As a metaphysician, I would insist that act is absolutely prior to potency, and that being does not arise from non-being. So any account of life's origins would have to cope with that. From my layman's understanding it appears that naturalistic Darwinism fails in this regard. But to say that doesn't automatically mean embracing ID as Torley presents it. It seems to me that one can admit as a point of metaphysics and theology that God is the creator and architect of the world without taking any stance whatsoever on the manner in which the first instances of certain kinds in the world came to be.
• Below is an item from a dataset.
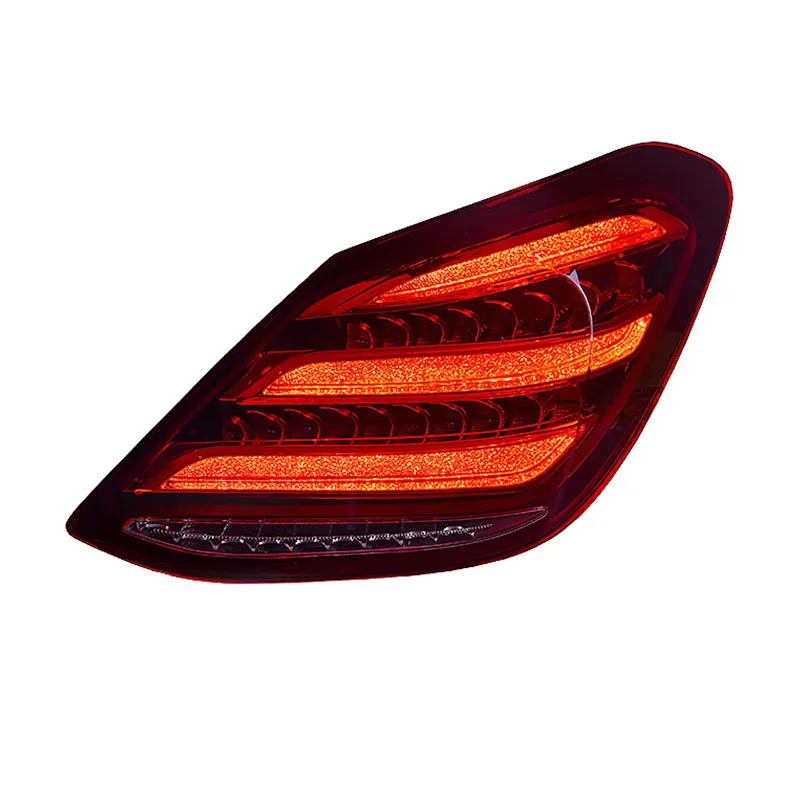 Car LED Tail Light Accessories For Bnez W205 2014-2020 C180 C260 C300 Auto Rear Fog DRL Brake Turn Signal Lamp Plug and Play
Car LED Tail Light Accessories For Bnez W205 2014-2020 C180 C260 C300 Auto Rear Fog DRL Brake Turn Signal Lamp Plug and Play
God is the first cause of all that is, and in his Providence governs every event in the universe without exception; but does this mean that a given living cell was made by natural forces, like Mt Sinai, or by the immediate writing of the finger of God, like the tables of the commandments? Or neither? In any case it's not clear to me that a thing that, if it is to be at all, is a natural kind, like a tree and not like a jet, must be understood as having been (at least in its first instance) assembled, as Dr Torley says.

None of this is to say that I side with everything Dr Feser says in this debate. I do not admit, for instance, that when God makes something this is to be understood as God "conjoining an essence with an act of existence", since I have severe doubts about the real distinction and composition of essence and existence. Perhaps more germane to the subject at hand, I have a lot of sympathy for interlocutors like Lydia McGrew who object to the Thomistic account of generation, in which the new thing annihilates and replaces the substantial form of the old. It seems to me that there is a real case to be made here that the Thomistic doctrine of the unicity of substantial form is difficult to reconcile with many facts about the natural world; I would argue that a Scotistic plurality of substantial forms is much more consistent with both observation and common sense. That's a metaphysics debate for another day, however, and doesn't seem to have any bearing on the critiques presented either by Dr Feser or myself here.

Finally I want to emphasize once more that I am a novice to this debate and have been working out my thoughts in these posts for the first time. I've never read an ID book and can't claim to be conversant with the range of positions. This is a response to Dr Torley's recent post alone. My views on ID, evolution, etc., are subject to refinement and revision. Just today I was at the local used bookstore and picked up a copy of Mere Creation: Science Faith & Intelligent Design, a collection of essays on ID by various contributors and edited by William Dembski. So I may read it and have something more intelligent to say about the subject in the future. Or perhaps not!